In the judgement delivered yesterday, judge Beatrix de Jager decided not to join the Federal Republic of Germany as a respondent in the case in which the court is being asked to declare the 2021 joint declaration of Germany and Namibia on the 1904-08 Ovaherero and Nama genocide as unlawful.

De Jager, who wrote the court’s judgement, also turned down an application for the court to allow Namibian court documents in the matter to be served on Germany in Germany, which is outside the court’s jurisdiction.

However, De Jager ordered that 24 Namibian traditional authorities which are not among the applicants in the case be joined as parties to the matter.

Deputy judge president Hannelie Prinsloo and judge Orben Sibeya agreed with De Jager’s judgement.

In the case pending in the court, Landless People’s Movement (LPM) leader Bernadus Swartbooi, the Ovaherero Traditional Authority, 10 Nama traditional authorities and the LPM are asking the court to set aside former National Assembly speaker Peter Katjavivi’s decision to note the joint declaration in terms of a parliamentary rule.

The applicants are also asking the court to declare the joint declaration unlawful and to review and set it aside, based on it not having been ratified by the National Assembly, and to declare that the joint declaration is inconsistent with the Constitution, a 2006 National Assembly motion on the genocide, and international law.

In the joint declaration, the German government acknowledged its responsibility for events in Namibia from 1904 to 1908, during Germany’s colonial rule of the country, and declared that those events constituted a genocide from the current historical perspective.

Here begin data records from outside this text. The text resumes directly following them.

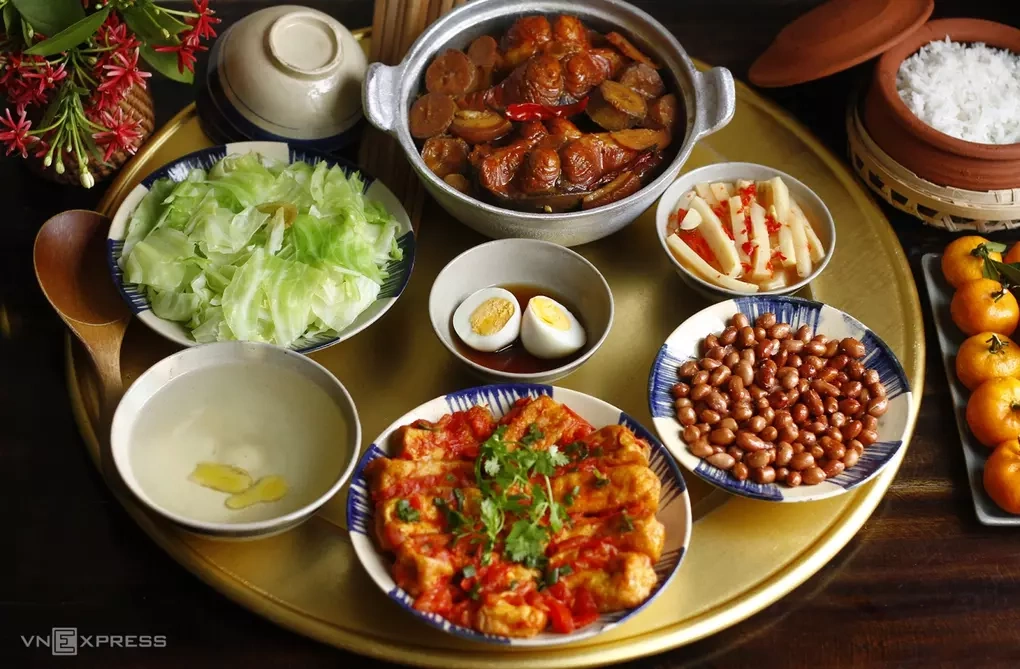 Ăn uống lệch giờ rồi bồi bổ món giàu dinh dưỡng: Vì sao hệ tiêu hóa thêm quá tải?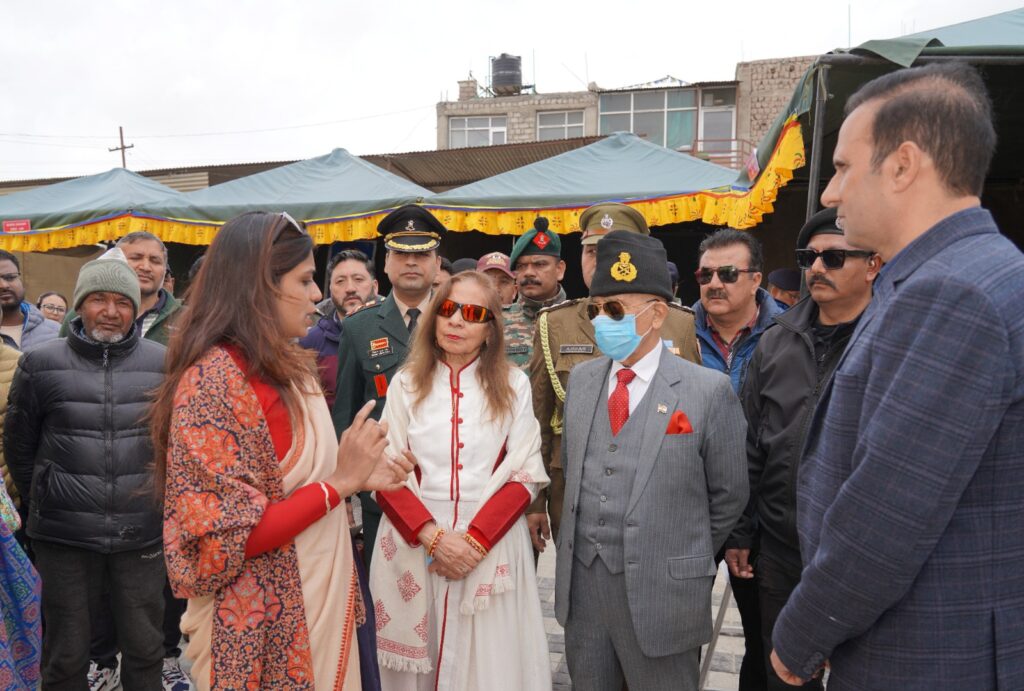 LG, First Lady inaugurate District Panchayat Resource Centre at Agling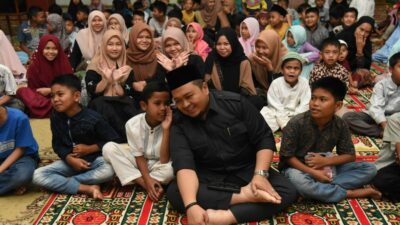 Bupati Tapsel Buka Puasa Bersama Ratusan Anak Yatim Piatu di Sipirok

The German government also agreed to make an amount of 1.1 billion euros (about N$21.9 billion) available to Namibia as development aid to implement projects as part of reconstruction and development projects over a period of 30 years.

Their main application against the speaker, the National Assembly, the president, the Cabinet, the attorney general and now also 24 other traditional authorities is continuing, and has been postponed to 11 March 2026.